• Assigned task
The lines to return run from the one containing "BMW 3-Series E36" through the end of the material; give them exactly and leave out the pictures.

• Collected data
★ ★ ★ ★ ★ ★ ★

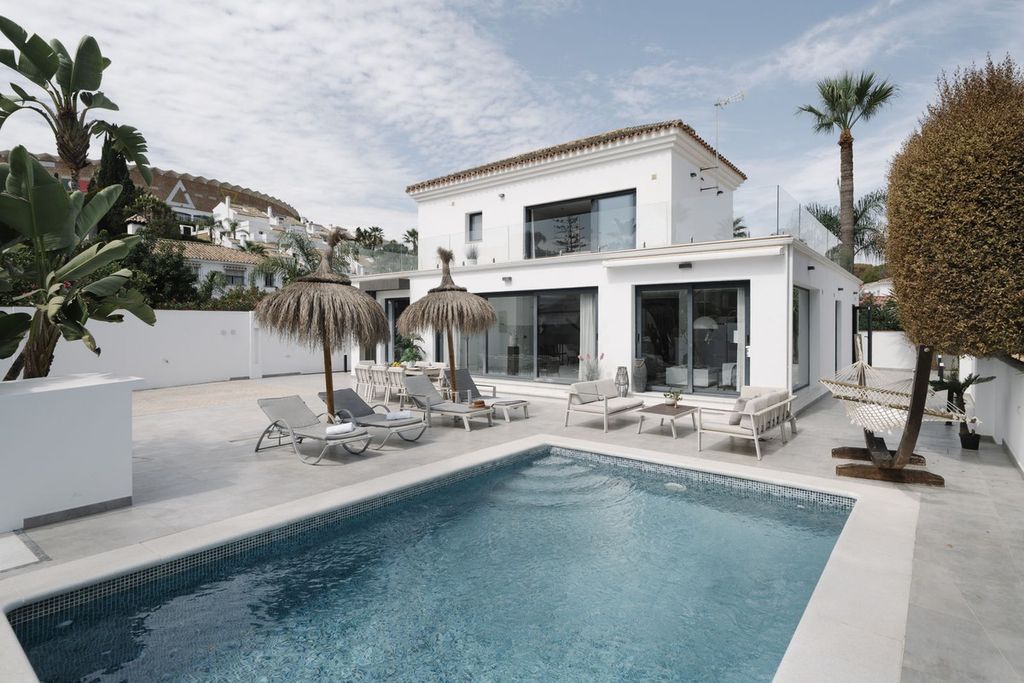 Maison de luxe à vendre à Nueva Andalucia, 2 195 000 €, Photo 2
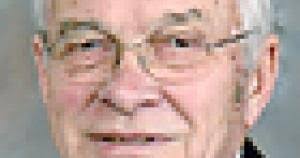 Vivian Busse's Instagram, Twitter & Facebook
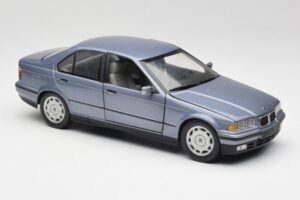 BMW 3-Series E36 Avus Azul UT Models 1:18 180023300 Metal - imagem 6 de 8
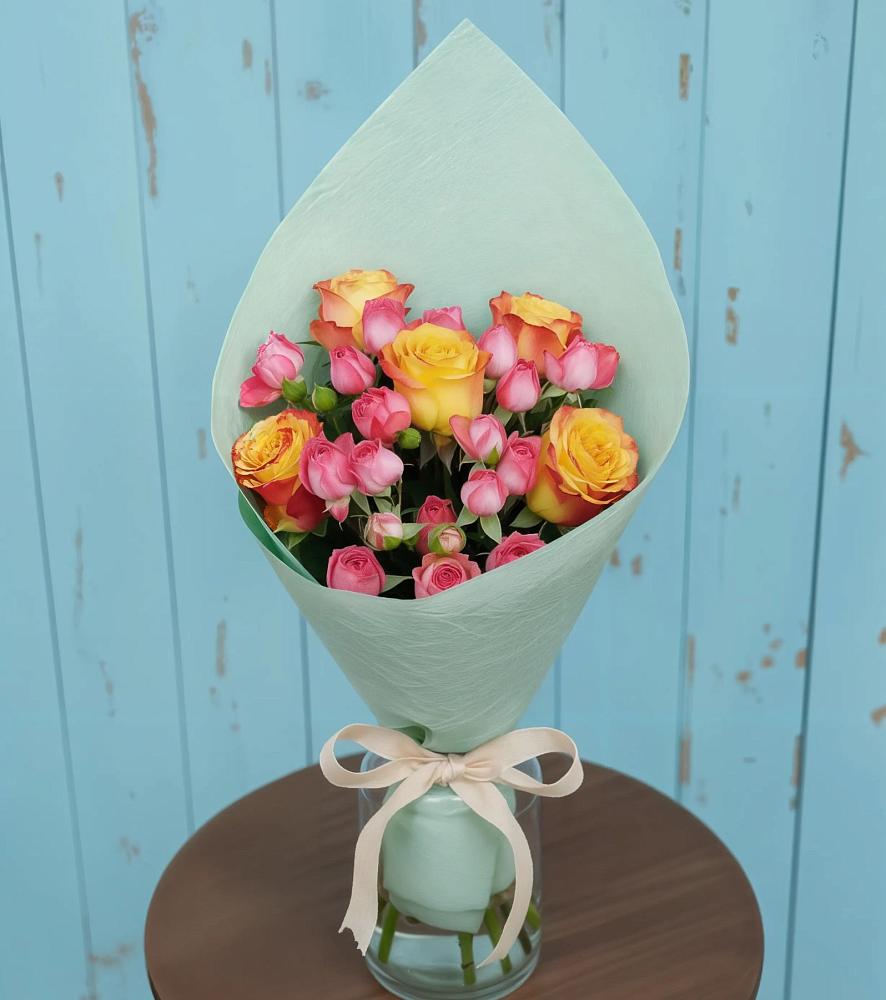 Букет цветов из: Розы в Воздвиженском Ставропольского края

★ ★ ★ ★ ★ ★ ★

• Output for this exercise
 BMW 3-Series E36 Avus Azul UT Models 1:18 180023300 Metal - imagem 6 de 8
 Букет цветов из: Розы в Воздвиженском Ставропольского края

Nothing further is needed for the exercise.